“Who am I?” is a question that challenges generation after generation.  The search for identity is the subject of almost every book we read or movie we watch.  From Anakin Skywalker in Star Wars discovering he is a Jedi, crossing to the dark side, and then crossing back again (sorry, spoiler alert) to Shrek needing to decide how much of an ogre he wants to be, it is a recurring theme in kids and adults stories alike.  Time and again we see characters needing to choose who they want to be, whether they want to be the villain or the hero, the one who stays in their comfort zone or the one who saves the day.  And discovering our identity is not a one-time thing, it is an ongoing process in our lives as we grow through different stages.  This has been highlighted recently through athletes speaking out about the challenges of transitioning from professional sport back to everyday life, with many talking about feeling completely lost and empty.  We also see it in people going through other transitions in their everyday lives like leaving study, the end of a relationship, parents whose children have moved out of home experiencing “empty nest syndrome” or retirees feeling completely lost without the routine of work.

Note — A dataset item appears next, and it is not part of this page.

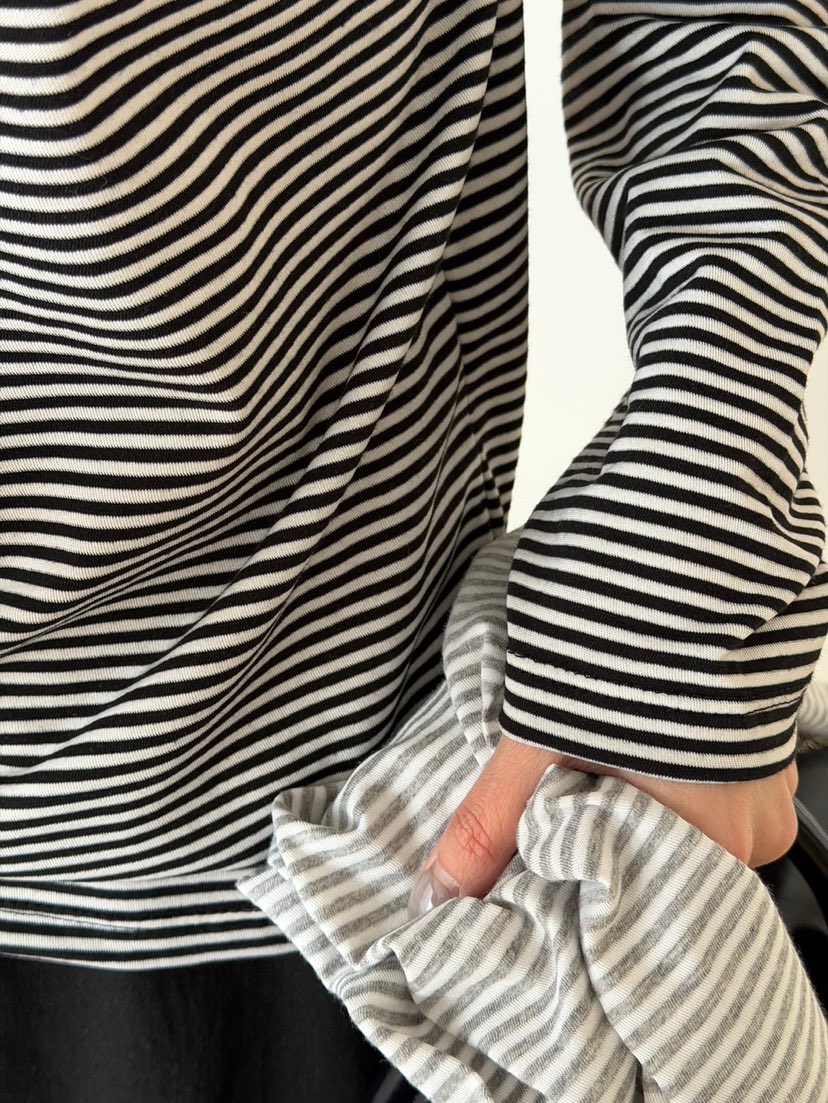 AMY GRACE東大門實拍女裝新品人氣熱賣休閑26春夏長袖T恤AMY GRACE長袖T恤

It seems like that in previous generations, through until the late 20th century, our identity was largely defined for us.  People had very defined labour and gender roles, and little shifted outside of these.  This structure was shaken up by the social change movements of the 70s and onwards which opened up doors for people which hadn’t been possible before.  Instead of simply following the course of your parents and grandparents, there were a plethora of opportunities now before you.  It could be argued that in our modern era there is less need for any difficulty around identity, particularly for the millennial generation who have grown up with increasing freedom to choose and express their identity however they see fit.  Surely you can be whoever you want to be so this should make it easier?  But the reality is that finding our identity is something which continues to challenge and confuse us.  In some ways it seems like all these extra options have made things harder, like it would just be easier if we went back to someone telling us who we are and going with that.  But whilst that may seem simpler, it’s not really an effective way of working out who we really are, and having an accurate picture of who were really are helps us to understand what we are meant to do with our lives and how we can go about doing it.


There’s a kids book by Eric Carle, who wrote The Very Hungry Caterpillar, called The Mixed-Up Chameleon.  In the story the chameleon wanders into a zoo and becomes jealous of each animal he sees.  Each time he sees a new animal he wishes for one of their characteristics and magically takes it on, however before long he is such a muddled conglomeration of so many different animals that he can’t even function enough to catch a fly to feed himself.  In a lot of ways I feel like this chameleon represents a lot of people in this modern generation trying to find their identity.  They take on so many different parts of so many different things that they just end up confused and lost.  In the end of the book the chameleon wishes to go back to being himself, catches his fly, and lives happily ever after.  Over the next few weeks we’re going to look at a few of the key elements of identity and how you can use them to get an understanding of who you are.  We’re not going to promise you a magic answer or a happily ever after, those bits are up to you, but hopefully we can give you some tools to discover more about your identity.